Jim Quinn’s 1997 “Phillyspeak” is an amusing “guide to Philadelphia English” by the author of the immortal American Tongue and Cheek: A Populist Guide to Our Language, which is such a powerful and irrefutable blast at prescriptivist poppycock I once bought a bunch of copies for $1 each and handed them out to people who I felt might benefit (it actually turned jamessal into the doughty descriptivist he is today!). I was given the link by a proud Philadelphian who gave it her cautious stamp of approval. Here’s the start:
For some reason WHYY’s Morning Edition keeps changing the people who read the traffic tie-up reports on Shadow Traffic. And for some reason, none are native Philadelphians anymore. So I have to start my day without the hero who used to warn usabout gaper delays “caused by an overturned tractor trailer on the Wall Women Bridge.”
“Wall Women” — what a superb and bizarre way to pronounce the name of America’s greatest male poet of the 19th century, Walt Whitman! Nobody else says it that way, and no true Philadelphian can say it any other way.
No wonder I love, and proudly speak, Philly’s dialect.

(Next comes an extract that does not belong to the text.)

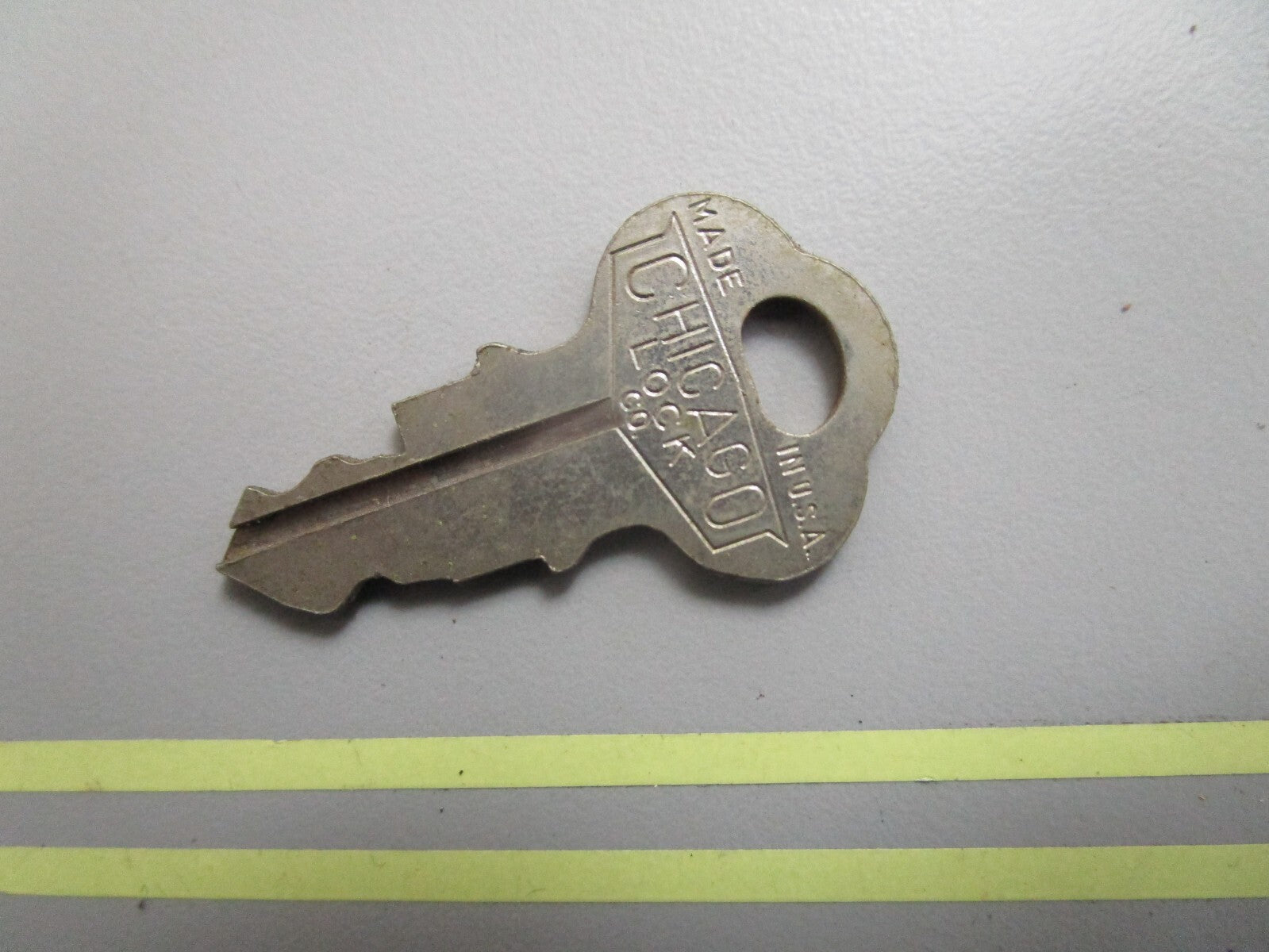 *NEW OEM* 0810 OMC Johnson Evinrude Ignition Key KF13 501528 0501528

Where else can you tell somebody “I hate our winners,” and know they’ll understand you mean, not “I hate the Flyers” (the closest we come to a championship team), but “I hate the weather in January”? Where else — this is one of my favorites — can a man named Ian and a woman named Ann go through life hearing their names pronounced exactly the same way?
I like dialect pride, especially when expressed with such pungency. (Thanks, des!)